It was a New York legend. Then a rapidly expanding national retail mainstay. Then a poster child for the struggles of brick-and-mortar retail. But less than one year after shuttering all its U.S. stores in bankruptcy, Toys “R” Us says it is rising again.
Reincorporated in January as Tru Kids Inc. and doing business as Tru Kids Brands, Toys “R” Us plans to re-enter the retail sphere in the United States. But how strong are its chances?
Tru Kids’ leadership is a mixture of old and new: President and CEO Richard Barry, Toys “R” Us’ former global chief merchandising officer; CFO Matthew Finigan; James Young as executive vice president of global license management and general counsel, and Jean-Daniel Gatignol as senior vice president of global sourcing and brands. Wave Hills Partners CEO Yehuda Shmidman has been named vice chairman, to advise on global strategy and execution.
“We have an incredible team focused on bringing Toys ‘R’ Us and Babies ‘R’ Us back in a completely reimagined way, so the U.S. doesn’t have to go through another holiday without these beloved brands,” Barry said in an announcement. “Despite unprecedented efforts to capture the U.S. market share this past holiday season, there is still a significant gap and huge consumer demand for the trusted experience that Toys ‘R’ Us and Babies ‘R’ Usdelivers. We have a once-in-a-lifetime opportunity to write the next chapter of Toys ‘R’ Us by launching a newly imagined omnichannel retail experience for our beloved brands here in the U.S.”
But Tru Kids will have to operate differently, noted experience authorities.

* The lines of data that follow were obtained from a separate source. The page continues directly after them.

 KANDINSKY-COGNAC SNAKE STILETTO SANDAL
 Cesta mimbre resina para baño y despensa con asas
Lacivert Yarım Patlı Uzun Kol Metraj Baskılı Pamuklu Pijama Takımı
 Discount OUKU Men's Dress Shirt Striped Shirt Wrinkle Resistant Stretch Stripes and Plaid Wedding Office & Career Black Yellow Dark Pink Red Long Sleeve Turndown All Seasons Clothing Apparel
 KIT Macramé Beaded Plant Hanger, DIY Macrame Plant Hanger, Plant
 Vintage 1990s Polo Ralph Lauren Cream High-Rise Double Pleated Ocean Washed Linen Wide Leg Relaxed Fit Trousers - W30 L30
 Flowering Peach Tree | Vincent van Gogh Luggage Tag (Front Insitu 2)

“The underlying issue that set up Toys ‘R’ Us for its collapse into commoditization is that it lost sight of whom it served. Its efforts primarily centered on its vendor relationships and pushing more and more product onto the floors and shelves of its stores,” wrote Kevin M. Dulle and B. Joseph Pine II in November in the Harvard Business Review. “For the reborn company to have a chance, it must turn 180 degrees and embrace a parent- and kid-centric strategy. It must become a stager of toy-playing experiences — enticing consumers into its new places by offering experiences that both parents and kids value. (What child wants to go to a warehouse? What child doesn’t want to play?) It should strive to maximize the time consumers spend in its places, because the longer they are there, the more they will buy. This is the essence of a time-well-spent strategy.”
The toy industry itself is likely rooting for a comeback. Despite department stores and other retailers boosting their toy offerings for the 2018 holiday selling season, U.S. retail sales of toys generated $21.6 billion in 2018 compared to $22.0 billion in 2017, a decline of 2%, after four straight years of growth, reported The NPD Group.

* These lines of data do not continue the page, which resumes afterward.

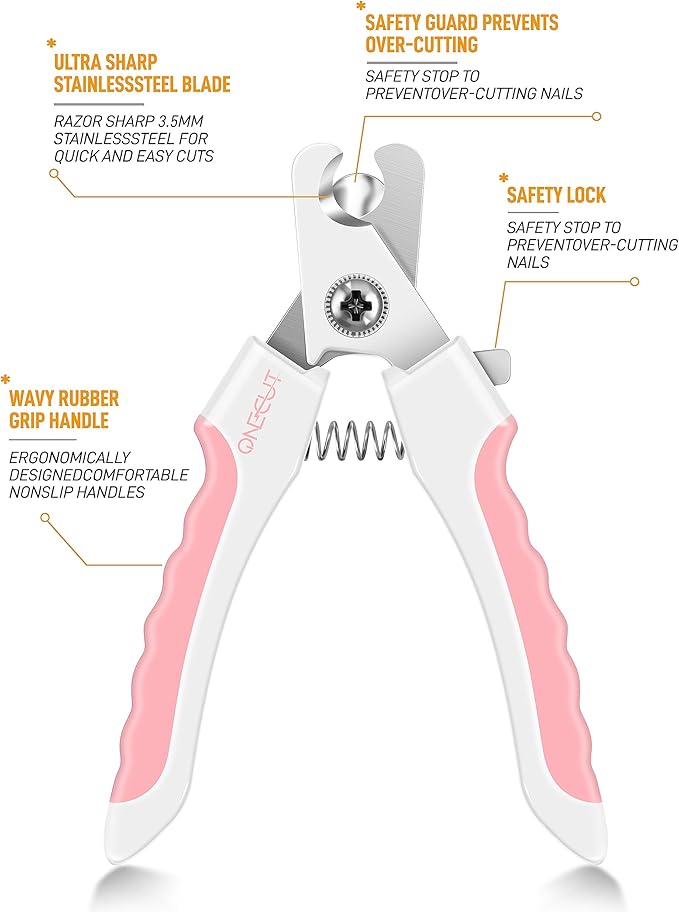 OneCut 4.7" Small Dog & Cat Nail Clipper Stainless Steel Cat Claw Trimmers for Rabbits, Guinea Pigs, Birds, Puppies, Kittens and Small Animals Pet Nail Clipper for Professional and Home Use (Pink)-Mewly Pet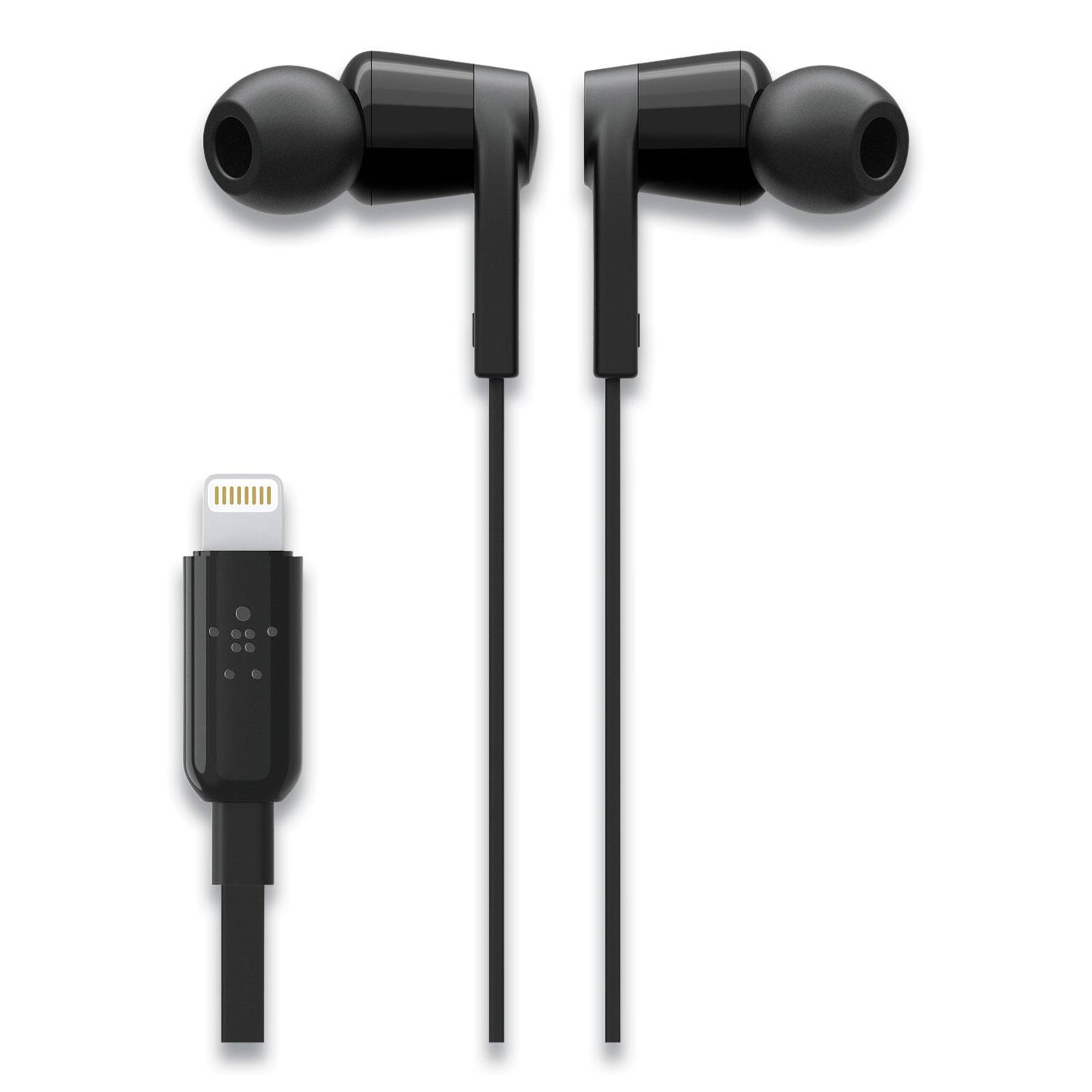 Alt View 2. Belkin - G3H0001BTBLK 44 in. Cord SOUNDFORM Headphones with Lightning Connector - Black - Black.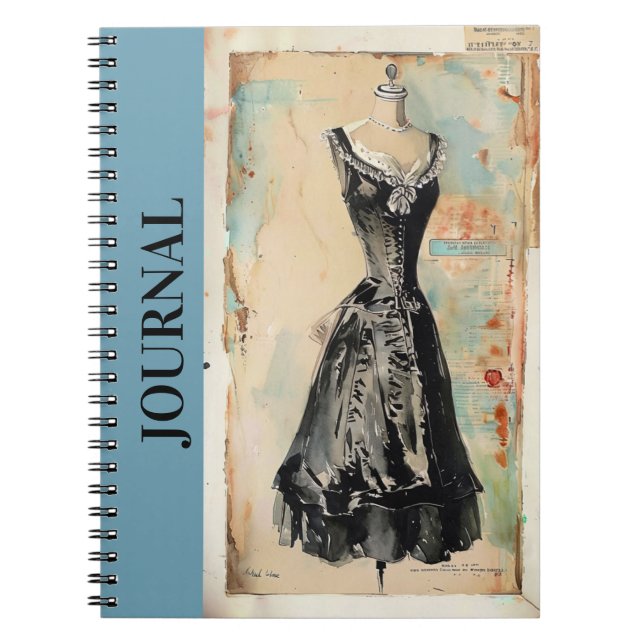 Cuaderno Diario del Glamour Antiguo LBD Pequeño Vestido Neg (Frente)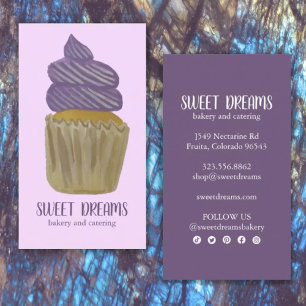 Sweet Cupkaka Catering Bakery Lila Social Icons Visitkort
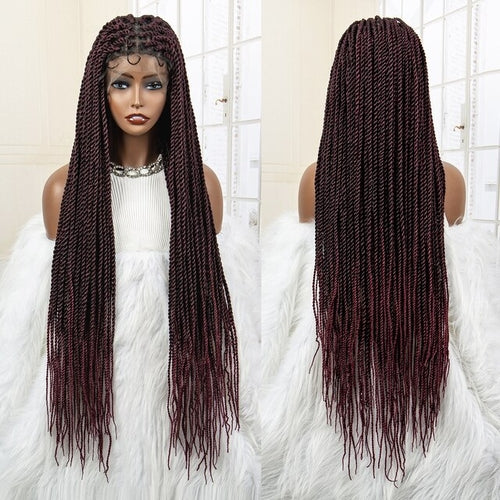 Twist Braided Lace Wig 40-Inch Knotless Synthetic
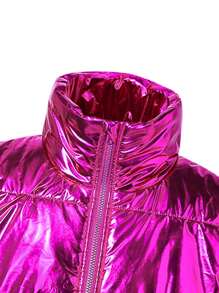 Removable Sleeve Collared Casual Padded Coat, Teen Girl's Versatile Simple Style - Multicolor - View 7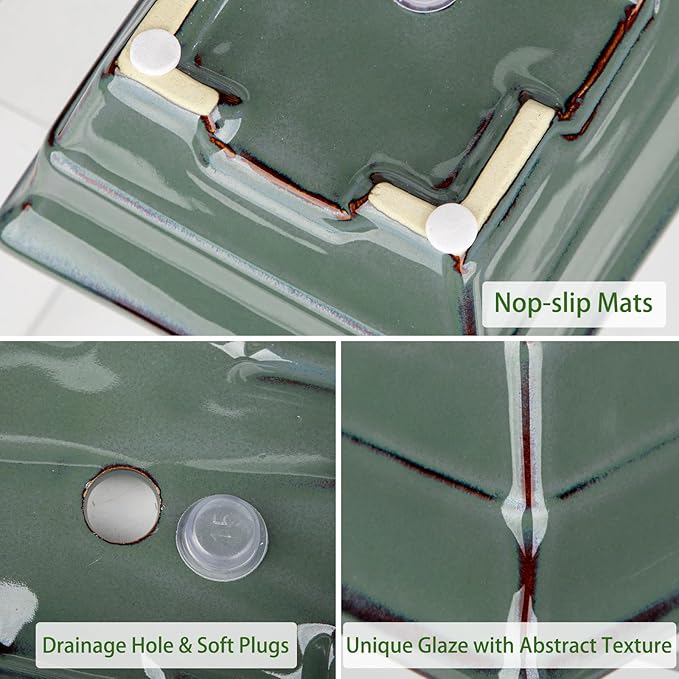 Ceramic Bonsai Pots with Drainage Trays Set of 2, Green Glazed Bonsai Planters for Indoor/Outdoor Use, Rectangular Shallow Bonzai Tree Pot for Succulent, Orchids, Cacti, Home, Patio, Garden, 7.5"x5.5"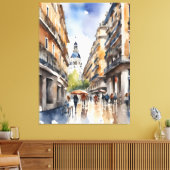 Madrid waterverf kunst canvas afdruk (Insitu (Woonkamer))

“After the liquidation announcement of Toys ‘R’ Us last year, there was a great deal of speculation about what would happen to the industry, with some predicting double-digit declines,” wrote Juli Lennett, vice president and industry advisor, Toys, for NPD in a January overview. “Overall, a 2% decline is a solid performance after such a significant shift in the retail landscape. It’s also worth noting that annual 2018 sales are slightly higher than 2016, which experienced mid-single digit growth.”
Other retailers, including Linens N Things, Sharper Image and HH Gregg, have returned to business after a shutdown via e-commerce. And some noted names are tiptoeing back into the physical realm. FAO Schwarz, which Toys “R”Us once owned and shuttered in its failed effort to stave off bankruptcy, reopened a flagship store at Rockefeller Center in fall 2018. Midwest department store Carson’s, which closed when parent Bon-Ton shuttered last year, reopened a store in Evergreen Park, IL. Much as with Toys “R” Us, Bon-Ton’s intellectual property was acquired, in this case by Merrillville, IN-based CSC Generation, by a company willing to bet on physical retail.

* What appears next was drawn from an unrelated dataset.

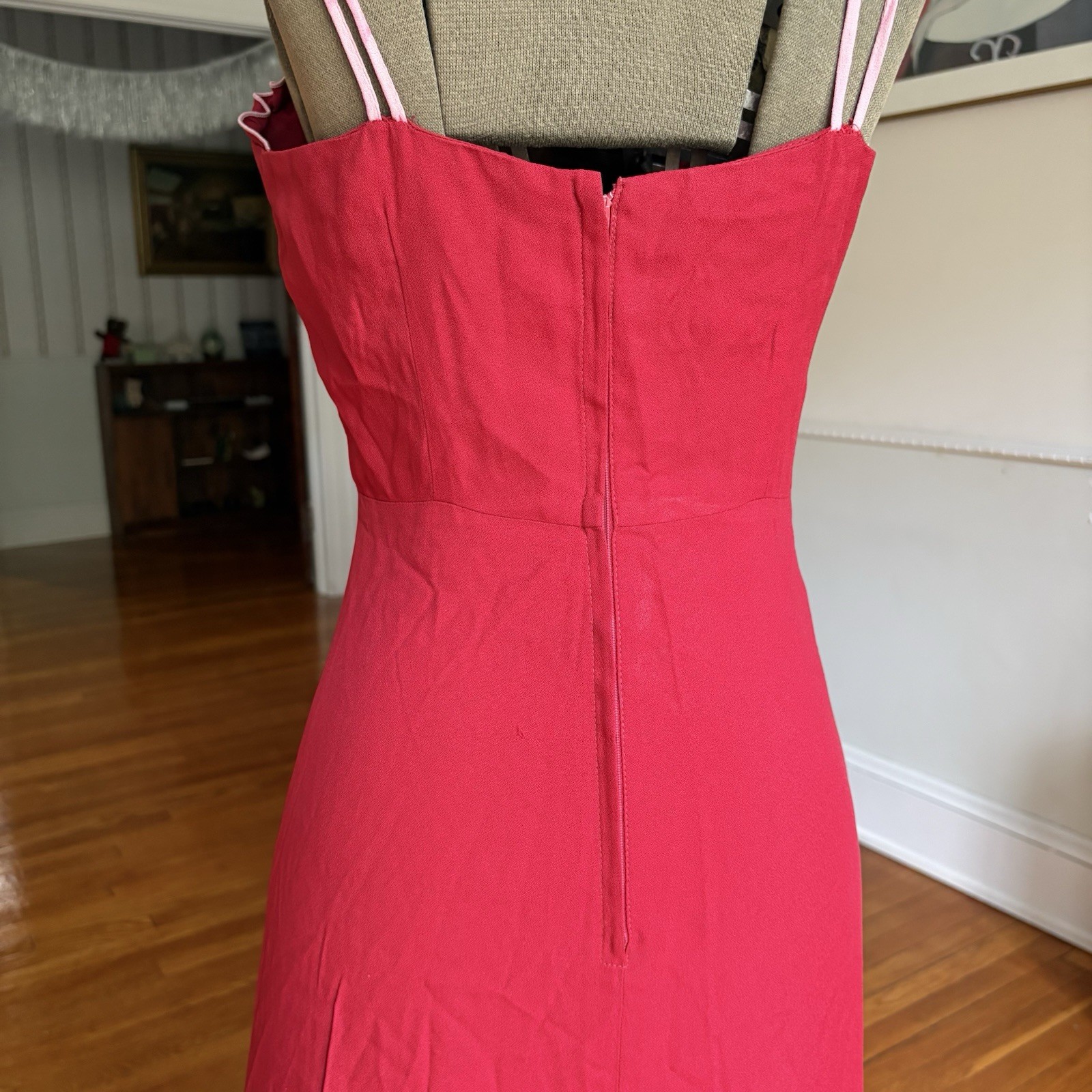 Vintage 1970s Foxy Lady Red Maxi Dress Women’s Ruffled Gown Acetate Nylon Blend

Even American Apparel, which imploded after founder and CEO Dov Charney was ousted after multiple sexual harassment lawsuits and two bankruptcy filings, has begun a mini-comeback. Its intellectual property was acquired by Canadian wholesaler Gildan Activewear for $88 million in 2017, and the company has reopened one test store in a former location on Los Angeles’ Melrose Avenue.
Tru Kids may have an additional advantage: Toys “R” Us and Babies “R” Us continue to operate stores in Asia, Europe, Africa and the Middle East, reinforcing its brand strength. In fact, 70 more stores will open overseas.
“The good news for TruKids is that they weren’t out of the game for too long. They will certainly have their work cut out for them to regain some of the market share they lost to competitors during the 2018 holiday season, but only being sidelined for a short period of time should help them on that front,” said Greg Maloney, CEO of JLL Retail. “From an overall market perspective, I do still think there is room for a pure toy-seller in the retail landscape, if positioned correctly. While they certainly have brand recognition and history on their side, they will need to adapt to the shifting retail landscape – which seems to be the case if early indications hold true. Ultimately, a comeback is certainly attainable, it will just look a bit different this time around.”